Unique Fish Tunnel Closer to Reality at Lake Cle Elum

Posted

If all goes well over the next three years, thousands of fish will be able to leave Lake Cle Elum to head to the sea for the first time in eight decades.

Plans for the construction of a first-of-its kind tunnel allowing the fish to escape have made a huge step forward with the awarding of a $15.2 million contract.

"If we're able to reintroduce those fish, we'll see recreational benefits and a lot of ecological benefits to the system as well," said Richard Visser, a project manager with the federal Bureau of Reclamation's Yakima field office.

For untold centuries, salmon migrated up the Yakima and Cle Elum rivers and headed to the tributaries in the mountains. The offspring would then return to the sea. But that ended early in the last century when a dam was constructed, creating the lake.

Officials hope to remedy that by construction of a 1,250-foot tunnel that will allow trout and salmon — especially sockeye — access to the reservoir and headwaters. Northbank Civil & Marine Inc., a small business based in Vancouver, won the contract.

If the tunnel is successful, construction of a fishery on Lake Cle Elum could be next, Visser said.

Other benefits include a thriving wildlife ecosystem and greater opportunities for recreational fishermen.



The project is part of the $4 billion to $6 billion Yakima Basin Integrated Plan, a collaboration between state, federal, tribal and local groups to improve water management in the region for fish, farms, and communities over the next 30 years.

Construction is slated to begin next month, and is expected to be completed by late 2020; but Visser said construction may not begin until spring if workers don't start before the first snows.

The bureau's partners on the project are the state departments of Ecology and Fish and Wildlife, as well as the Yakama Nation, which began slowly reintroducing sockeye to the system in 2009 through the use of a flume.

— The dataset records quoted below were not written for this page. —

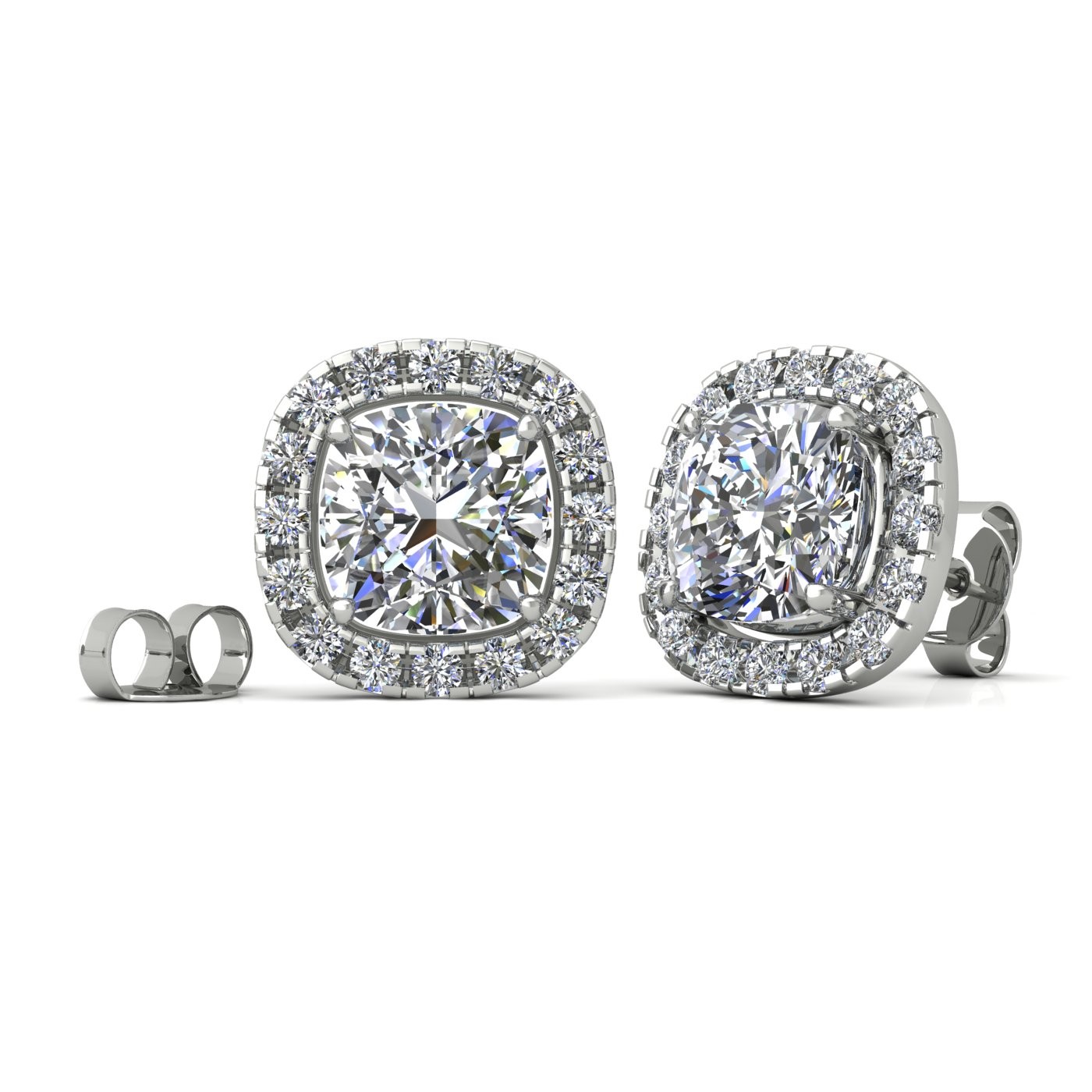 18k white gold  1,5 ct each (3,0 tcw) 4 prongs cushion shape diamond earrings with diamond pavÉ set halo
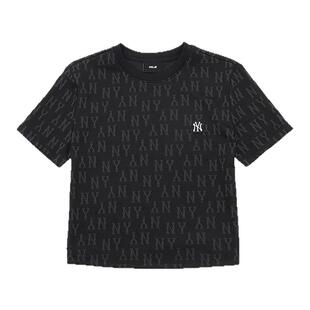 MLB官方 女款老花短款T恤圆领提花舒适短袖套装24夏季新款TSMA1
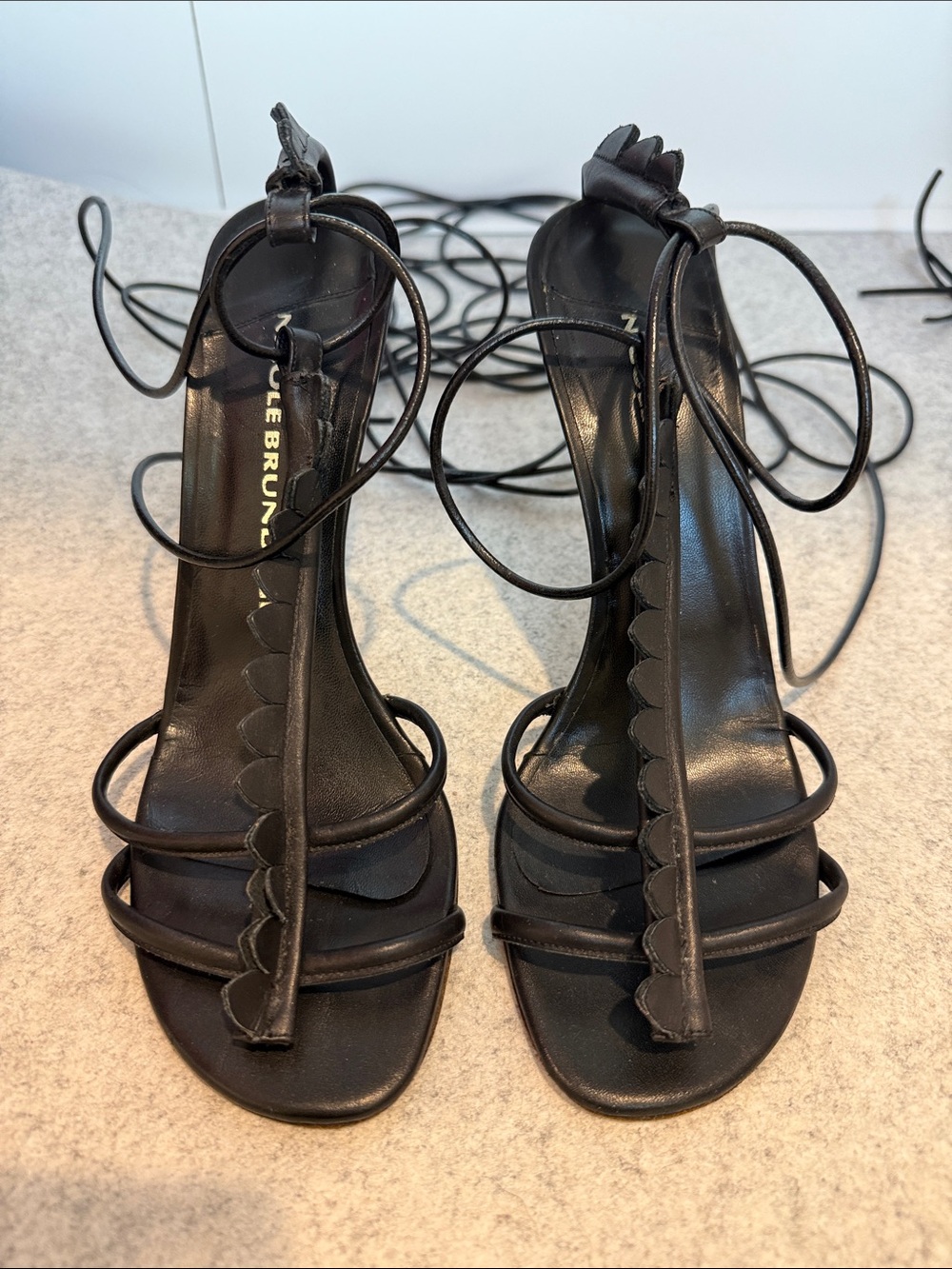 Black Scalloped Lace-Up Sandals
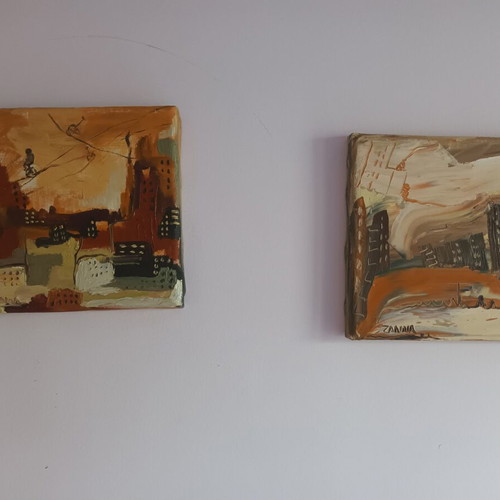 Oil paintings used, set of 2, 20x20 cm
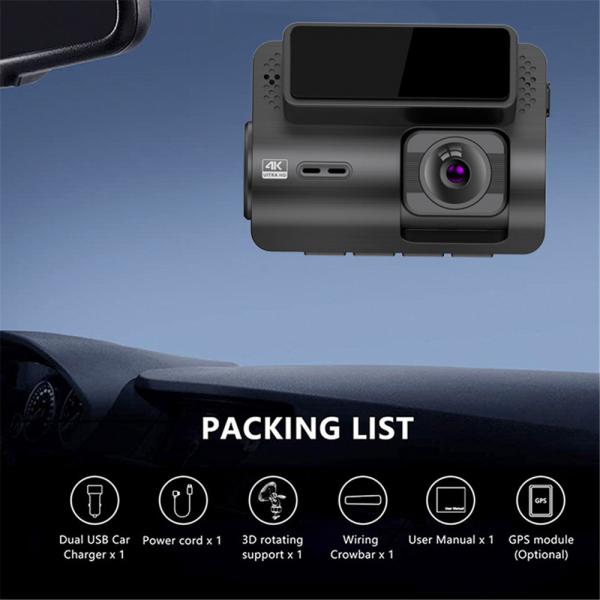 Quality Front 4K Rear 2K UHD Invisible Dash Cam HD 1080p Car DVR 24H Parking Monitoring for sale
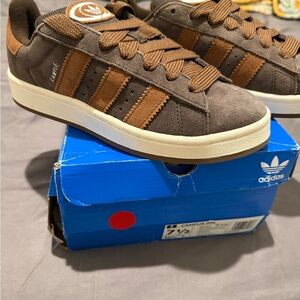 adidas Brown Suede Sneakers with Tan Stripes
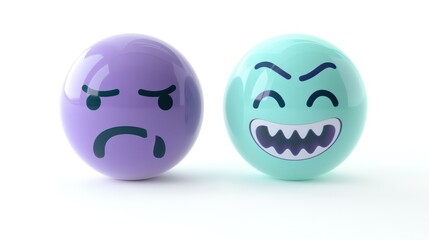 Fototapeta premium Two face emojis, one in simple violet expressing sadness, and another in mint showing a big grin, isolated on a white background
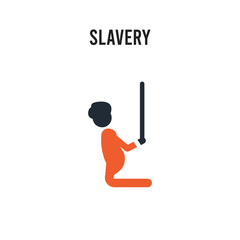 Slavery vector icon on white background. Red and black colored Slavery icon. Simple element illustration sign symbol EPS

Tribal officials say the tunnel at Cle Elum and eventually others at all the region's reservoirs are key to restoring healthy salmon populations in the Yakima Basin.

The flume was meant as a pilot to test the feasibility of the larger project, Visser said. The tunnel, which targets juveniles, has three parts: a stepped inlet to let fish swim in at varying water heights, and a spiral water slide that lowers the fish to a tunnel past the dam that delivers them to the river. For returning adults, the plan is to trap fish below the dam that are too big for the tunnel and drive them in tanker trucks up to the reservoir for release.

The first phase of the project, which began in 2015, was completed last fall after a $4.5 million road and bridge across the Cle Elum River was completed. The road and bridge were built so that the passage facility can be built on the far side of the dam.